⟨

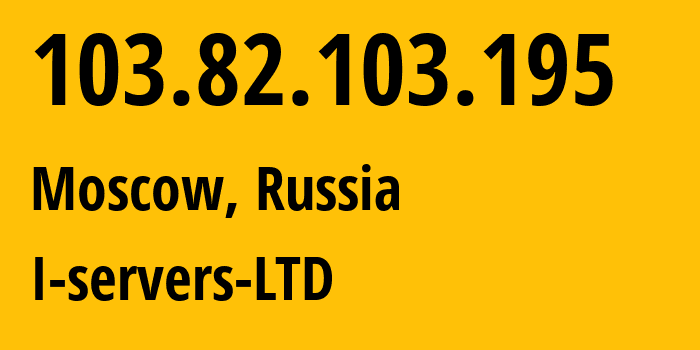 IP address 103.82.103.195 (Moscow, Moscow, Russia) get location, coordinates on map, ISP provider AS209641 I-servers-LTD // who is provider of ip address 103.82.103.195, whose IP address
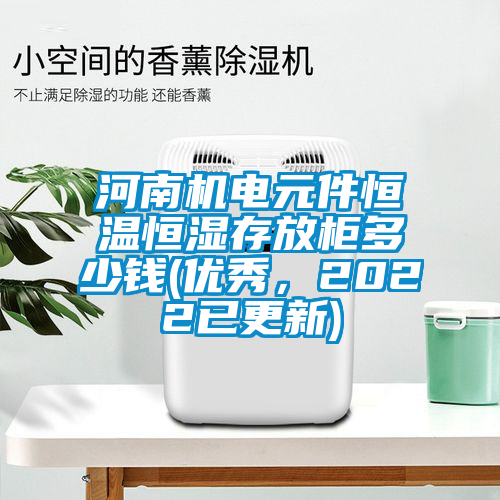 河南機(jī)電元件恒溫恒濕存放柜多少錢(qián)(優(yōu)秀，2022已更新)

⟩
⟨

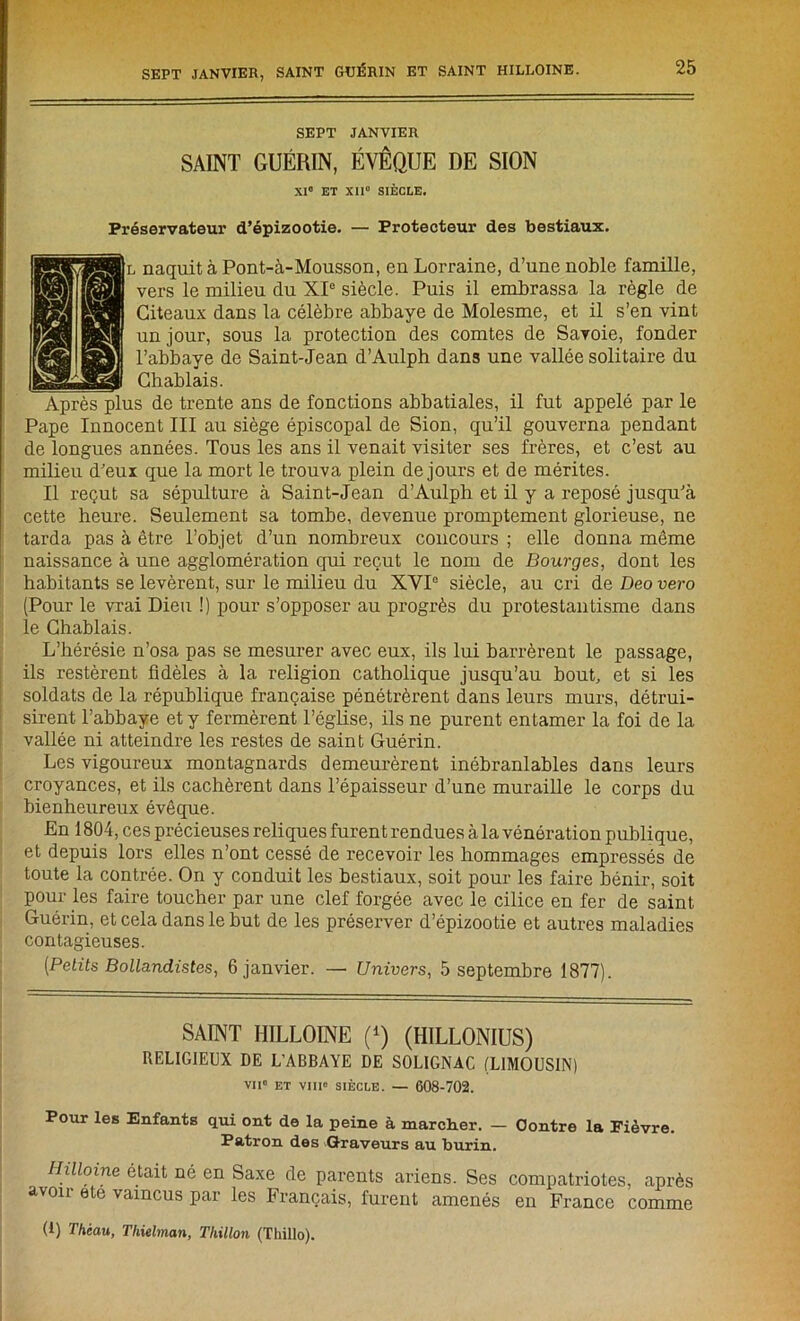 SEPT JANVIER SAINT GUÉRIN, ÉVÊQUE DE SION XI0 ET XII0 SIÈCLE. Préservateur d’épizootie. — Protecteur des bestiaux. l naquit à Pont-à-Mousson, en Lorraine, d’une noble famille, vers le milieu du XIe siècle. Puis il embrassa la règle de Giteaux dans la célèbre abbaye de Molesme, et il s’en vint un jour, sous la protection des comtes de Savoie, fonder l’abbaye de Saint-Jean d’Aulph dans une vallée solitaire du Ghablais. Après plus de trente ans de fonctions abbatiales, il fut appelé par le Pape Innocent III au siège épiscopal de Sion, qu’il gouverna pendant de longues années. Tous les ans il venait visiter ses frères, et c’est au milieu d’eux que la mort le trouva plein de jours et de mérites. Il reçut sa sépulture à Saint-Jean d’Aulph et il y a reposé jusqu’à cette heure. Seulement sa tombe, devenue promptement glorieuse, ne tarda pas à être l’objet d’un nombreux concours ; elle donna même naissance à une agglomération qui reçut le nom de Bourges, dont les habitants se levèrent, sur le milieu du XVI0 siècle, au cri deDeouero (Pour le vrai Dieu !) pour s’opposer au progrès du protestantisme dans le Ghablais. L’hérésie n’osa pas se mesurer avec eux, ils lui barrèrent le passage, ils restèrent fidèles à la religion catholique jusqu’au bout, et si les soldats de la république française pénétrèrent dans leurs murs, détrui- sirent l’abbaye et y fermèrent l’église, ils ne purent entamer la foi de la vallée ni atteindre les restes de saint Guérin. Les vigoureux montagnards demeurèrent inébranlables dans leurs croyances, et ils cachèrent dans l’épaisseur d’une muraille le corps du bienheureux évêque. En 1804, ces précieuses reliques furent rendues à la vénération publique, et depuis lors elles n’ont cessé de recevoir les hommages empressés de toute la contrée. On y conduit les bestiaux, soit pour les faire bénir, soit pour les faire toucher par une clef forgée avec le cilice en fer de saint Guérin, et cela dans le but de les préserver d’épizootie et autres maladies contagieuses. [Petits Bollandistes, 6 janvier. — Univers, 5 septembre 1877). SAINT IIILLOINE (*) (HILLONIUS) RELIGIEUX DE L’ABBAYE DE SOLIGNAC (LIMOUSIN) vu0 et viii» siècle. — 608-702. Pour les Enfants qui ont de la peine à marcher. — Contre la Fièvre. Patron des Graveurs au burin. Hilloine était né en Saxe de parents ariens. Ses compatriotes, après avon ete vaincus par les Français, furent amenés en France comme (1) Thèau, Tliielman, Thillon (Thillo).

⟩

INSTRUCTIONS FOR THE TASK: Copy the lines above between the one holding "IP address 103.82.103.195 (Moscow, Moscow, Russia)" and the one holding "河南機(jī)電元件恒溫恒濕", inclusive. Drop the pictures.

YOUR SOLUTION:
 IP address 103.82.103.195 (Moscow, Moscow, Russia) get location, coordinates on map, ISP provider AS209641 I-servers-LTD // who is provider of ip address 103.82.103.195, whose IP address
 河南機(jī)電元件恒溫恒濕存放柜多少錢(qián)(優(yōu)秀，2022已更新)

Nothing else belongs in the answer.